Task to carry out
Set down every record below exactly as written, but leave out the pictures.

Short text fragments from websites
-------------------------
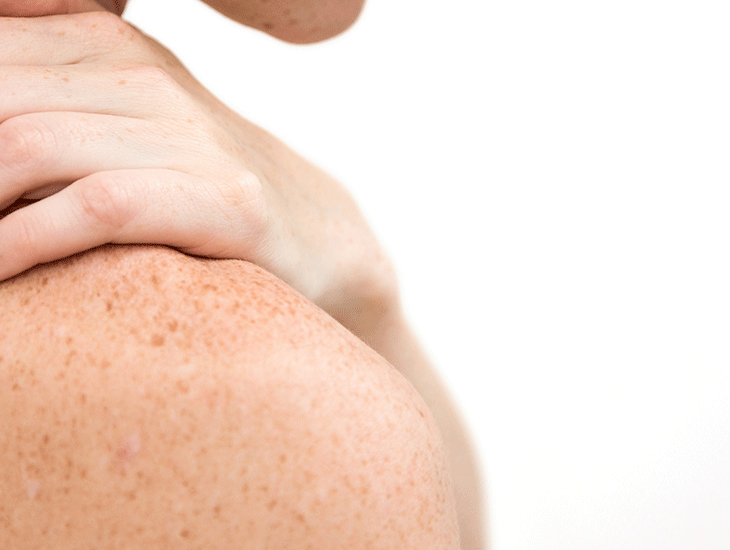 مراقبت بدن آکنهای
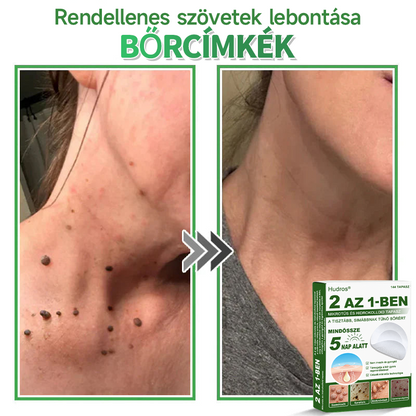 📌 𝐇𝐮𝐝𝐫𝐨𝐬® 𝟐 𝐚𝐳 𝟏-𝐛𝐞𝐧 𝐦𝐢𝐤𝐫𝐨𝐭ű𝐬 𝐡𝐢𝐝𝐫𝐨𝐤𝐨𝐥𝐥𝐨𝐢𝐝 𝐭𝐚𝐩𝐚𝐬𝐳𝐨𝐤 | 𝐊𝐢𝐞𝐦𝐞𝐥𝐤𝐞𝐝ő 𝐚𝐧𝐲𝐚𝐣𝐞𝐠𝐲𝐞𝐤, 𝐩𝐚𝐭𝐭𝐚𝐧á𝐬𝐨𝐤, 𝐥𝐚𝐩𝐨𝐬 𝐬𝐳𝐞𝐦ö𝐥𝐜𝐬ö𝐤 é𝐬 𝐛ő𝐫𝐤𝐢𝐧ö𝐯é𝐬𝐞𝐤 𝐞𝐥𝐭á𝐯𝐨𝐥í𝐭á𝐬á𝐫𝐚 𝐬𝐩𝐞𝐜𝐢𝐚𝐥𝐢𝐳á𝐥𝐯𝐚 | 𝐋á𝐭𝐡𝐚𝐭𝐚𝐭𝐥𝐚𝐧, 𝐜𝐬𝐢𝐥𝐥𝐚𝐠 𝐚𝐥𝐚𝐤ú 𝐩𝐚𝐭𝐭𝐚𝐧á𝐬𝐭𝐚𝐩𝐚𝐬𝐳𝐨𝐤 (𝐚𝐫𝐜𝐫𝐚 é𝐬 𝐭𝐞𝐬𝐭𝐫𝐞) | 𝟏𝟒𝟒 𝐝𝐚𝐫𝐚𝐛𝐨𝐬 𝐜𝐬𝐨𝐦𝐚𝐠🌱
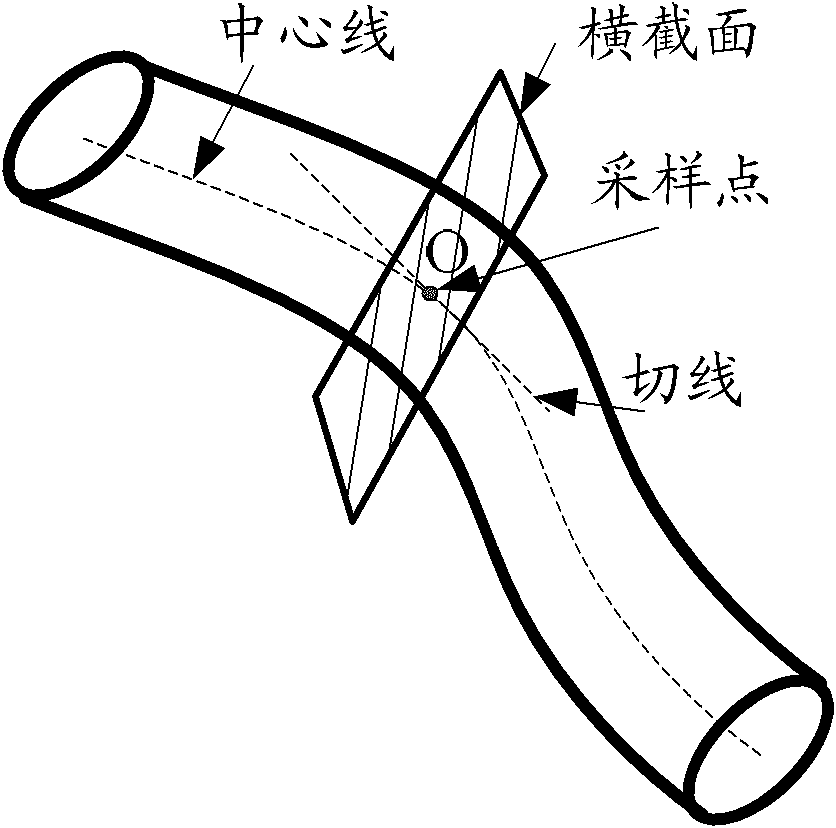 Device and method for detecting blood vessel deformation area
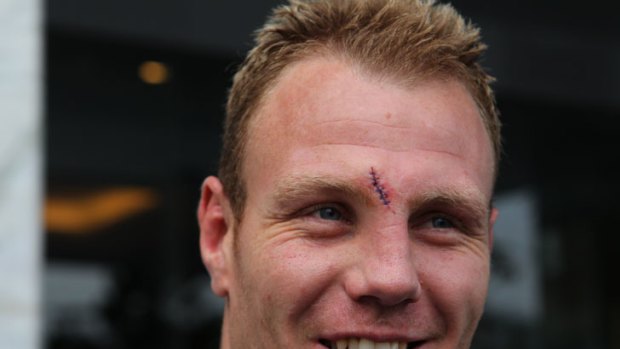 Splitting headache ... NSW star Luke Lewis bears the scars of battle after Origin II but it is a hamstring injury that is causing him and the Blues most concern.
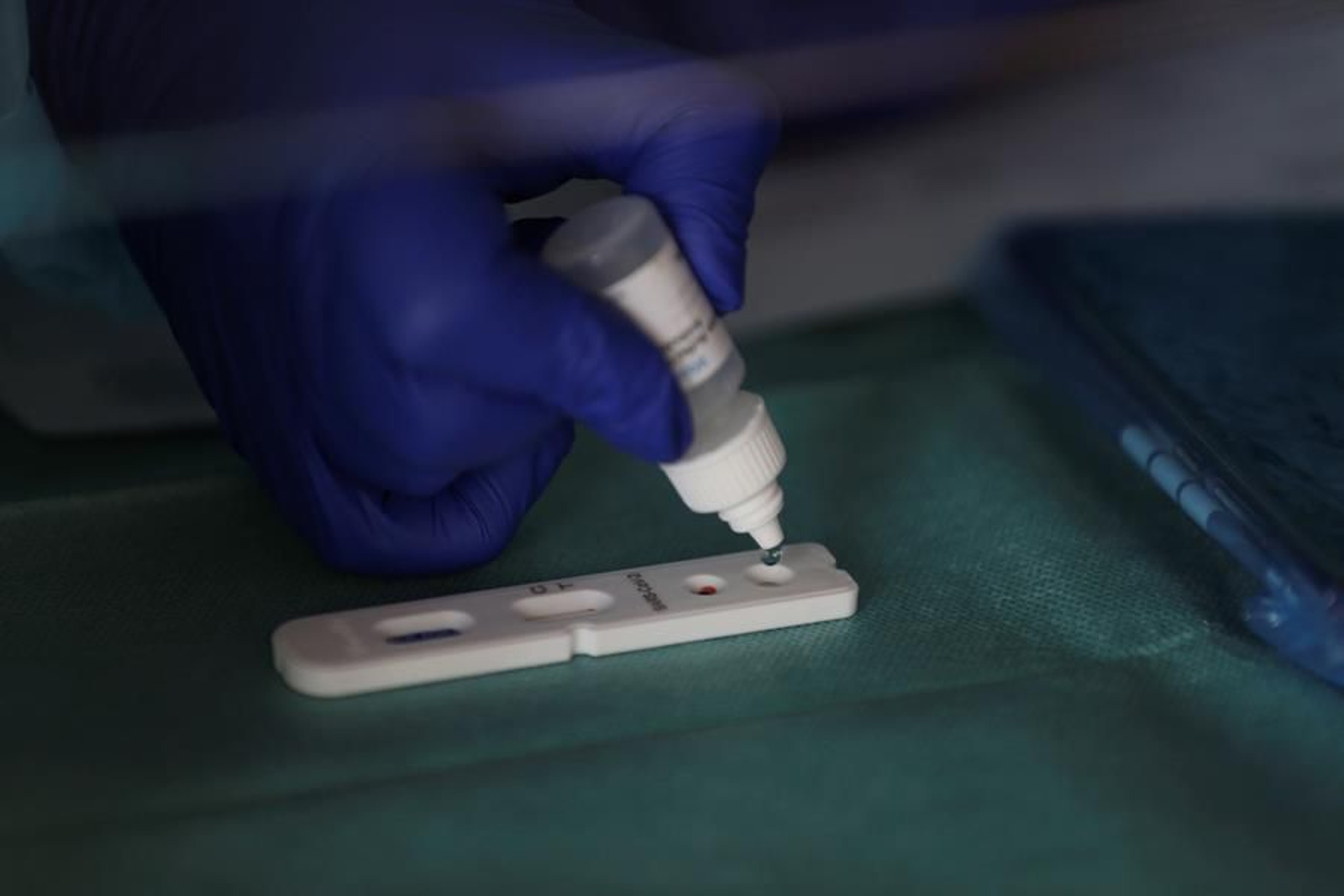 Una prueba serológica para detectar el covid (EFE).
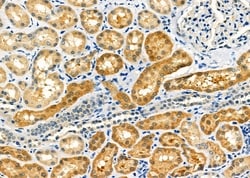 Invitrogen MLXIP Polyclonal Antibody 100 μL; Unconjugated:Antibodies,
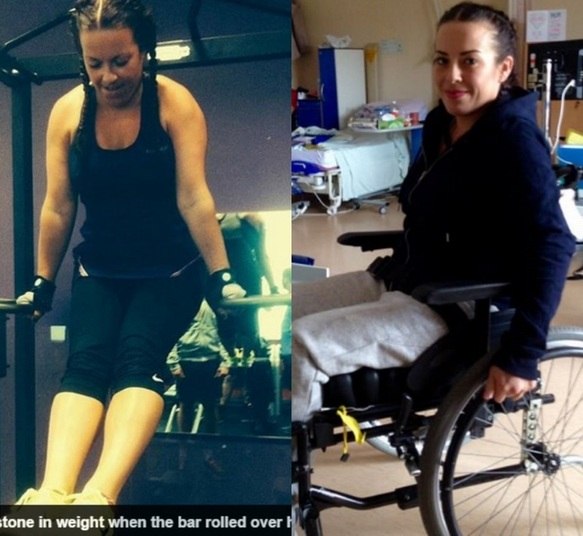 Uma mulher de 31 anos ficou paraplégica após fazer exercício de agachamento com peso na academia. Victoria Griffiths carregava 130 kg (o dobro do seu peso ccorporal) quando escorregou e caiu para a frente. Suas costas estalaram e 'dobraram ao meio'. As informações são do jornal Daily Mail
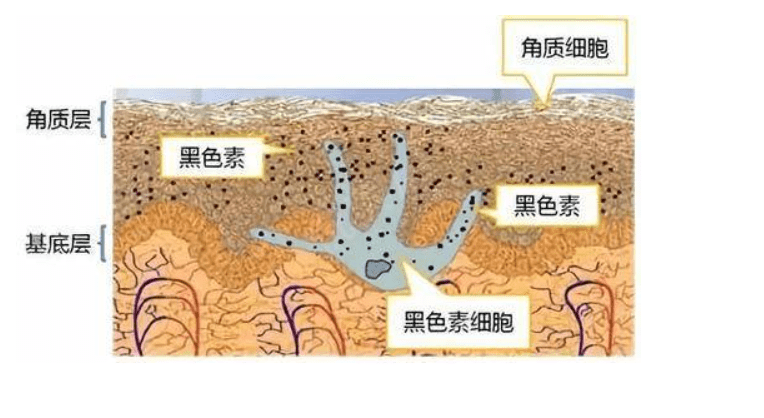 原创美白精华怎么选只看成分远远不够赶跑黑色素才是关键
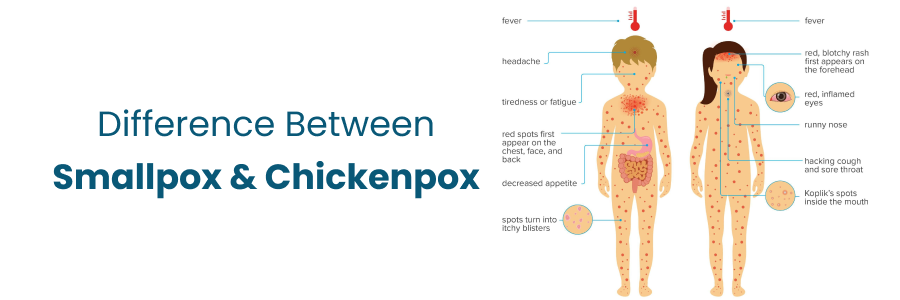 Difference Between Smallpox And Chickenpox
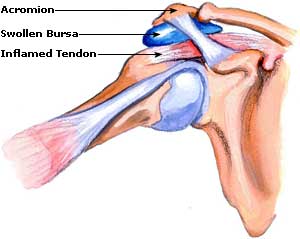 Treatment for Bursitis, Symptoms, Relief Bursitis Picture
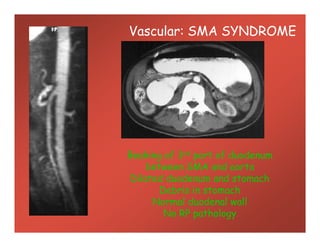 Vascular: SMA SYNDROME
Beaking of 3rd part of duodenum
between SMA and aorta
Dilated duodenum and stomach
Debris in stomach
Normal duodenal wall
No RP pathology
 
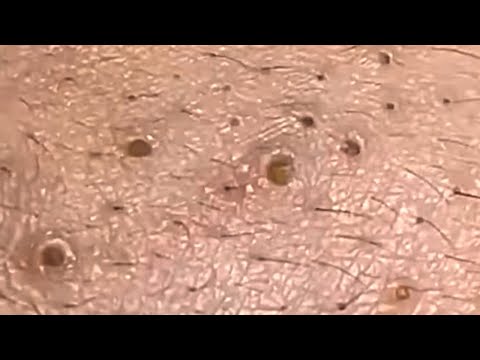 Blackheads & Whiteheads Satisfying Removal @0372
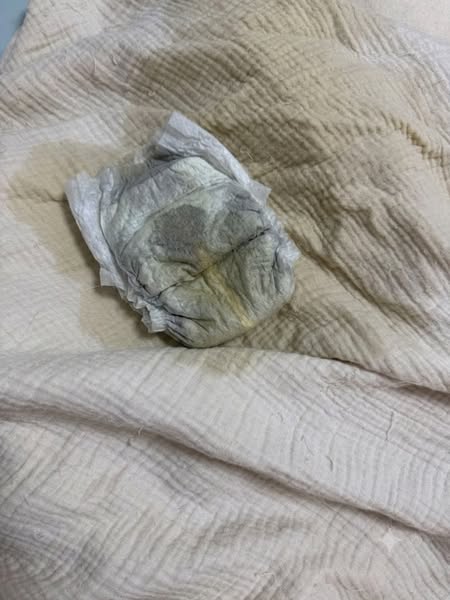 My 9yr old still wets the bed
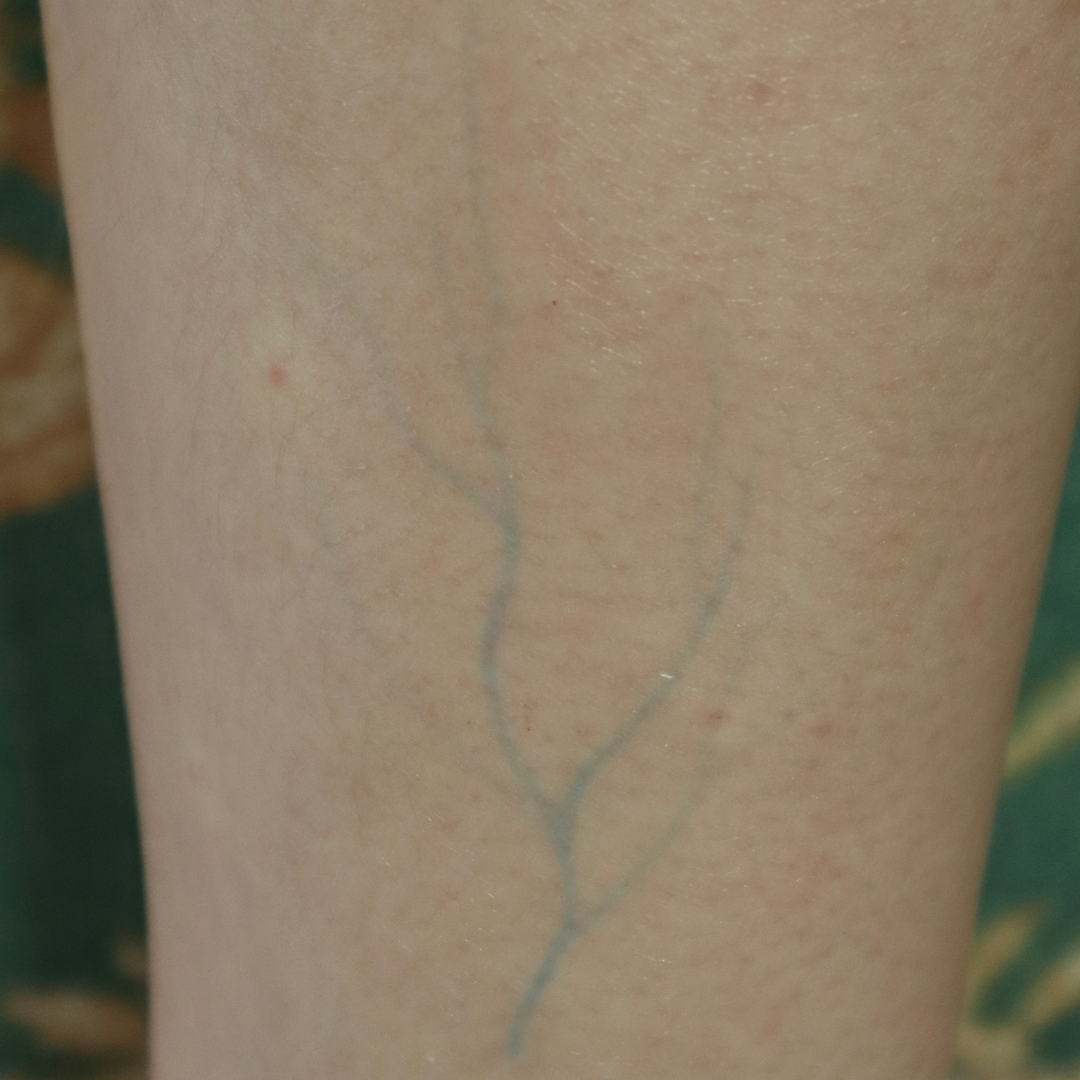 Blue Veins Temporary Tattoo – SFX Body Art - Image 2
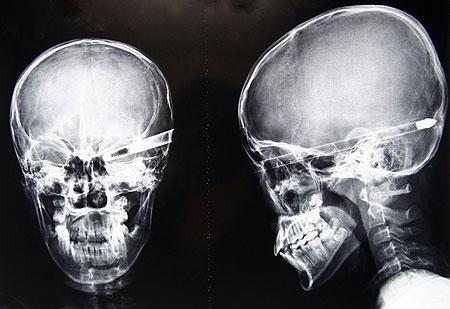 Şoke eden röntgen filmleri galerisi resim 14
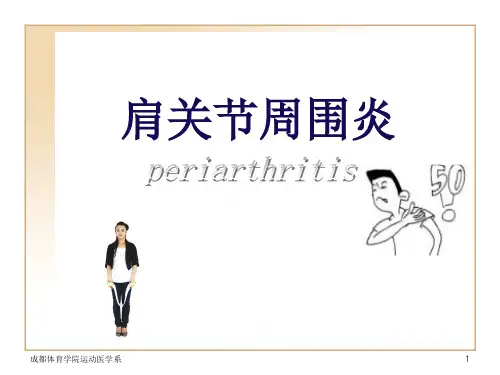 肩周炎.PPT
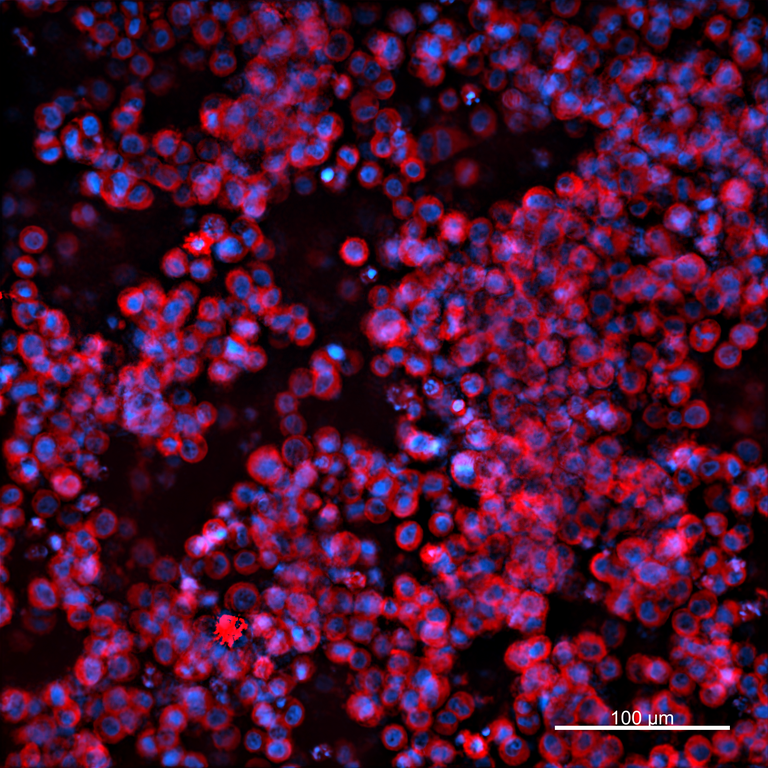 Ankyron ADA12_HUMAN Clone AR40427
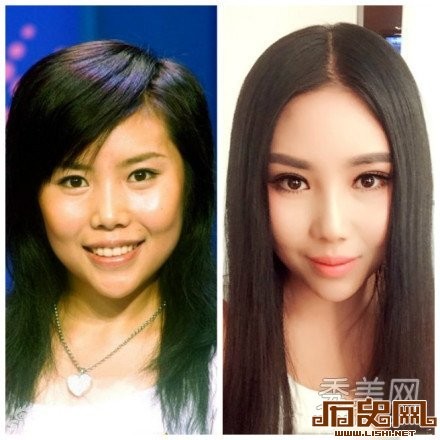 [多图]盘点娱乐圈疯狂整容换脸的十大女星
-------------------------
Written response
 مراقبت بدن آکنهای
 📌 𝐇𝐮𝐝𝐫𝐨𝐬® 𝟐 𝐚𝐳 𝟏-𝐛𝐞𝐧 𝐦𝐢𝐤𝐫𝐨𝐭ű𝐬 𝐡𝐢𝐝𝐫𝐨𝐤𝐨𝐥𝐥𝐨𝐢𝐝 𝐭𝐚𝐩𝐚𝐬𝐳𝐨𝐤 | 𝐊𝐢𝐞𝐦𝐞𝐥𝐤𝐞𝐝ő 𝐚𝐧𝐲𝐚𝐣𝐞𝐠𝐲𝐞𝐤, 𝐩𝐚𝐭𝐭𝐚𝐧á𝐬𝐨𝐤, 𝐥𝐚𝐩𝐨𝐬 𝐬𝐳𝐞𝐦ö𝐥𝐜𝐬ö𝐤 é𝐬 𝐛ő𝐫𝐤𝐢𝐧ö𝐯é𝐬𝐞𝐤 𝐞𝐥𝐭á𝐯𝐨𝐥í𝐭á𝐬á𝐫𝐚 𝐬𝐩𝐞𝐜𝐢𝐚𝐥𝐢𝐳á𝐥𝐯𝐚 | 𝐋á𝐭𝐡𝐚𝐭𝐚𝐭𝐥𝐚𝐧, 𝐜𝐬𝐢𝐥𝐥𝐚𝐠 𝐚𝐥𝐚𝐤ú 𝐩𝐚𝐭𝐭𝐚𝐧á𝐬𝐭𝐚𝐩𝐚𝐬𝐳𝐨𝐤 (𝐚𝐫𝐜𝐫𝐚 é𝐬 𝐭𝐞𝐬𝐭𝐫𝐞) | 𝟏𝟒𝟒 𝐝𝐚𝐫𝐚𝐛𝐨𝐬 𝐜𝐬𝐨𝐦𝐚𝐠🌱
 Device and method for detecting blood vessel deformation area
 Splitting headache ... NSW star Luke Lewis bears the scars of battle after Origin II but it is a hamstring injury that is causing him and the Blues most concern.
 Una prueba serológica para detectar el covid (EFE).
 Invitrogen MLXIP Polyclonal Antibody 100 μL; Unconjugated:Antibodies,
 Uma mulher de 31 anos ficou paraplégica após fazer exercício de agachamento com peso na academia. Victoria Griffiths carregava 130 kg (o dobro do seu peso ccorporal) quando escorregou e caiu para a frente. Suas costas estalaram e 'dobraram ao meio'. As informações são do jornal Daily Mail
 原创美白精华怎么选只看成分远远不够赶跑黑色素才是关键
 Difference Between Smallpox And Chickenpox
 Treatment for Bursitis, Symptoms, Relief Bursitis Picture
 Vascular: SMA SYNDROME
Beaking of 3rd part of duodenum
between SMA and aorta
Dilated duodenum and stomach
Debris in stomach
Normal duodenal wall
No RP pathology
 
 Blackheads & Whiteheads Satisfying Removal @0372
 My 9yr old still wets the bed
 Blue Veins Temporary Tattoo – SFX Body Art - Image 2
 Şoke eden röntgen filmleri galerisi resim 14
 肩周炎.PPT
 Ankyron ADA12_HUMAN Clone AR40427
 [多图]盘点娱乐圈疯狂整容换脸的十大女星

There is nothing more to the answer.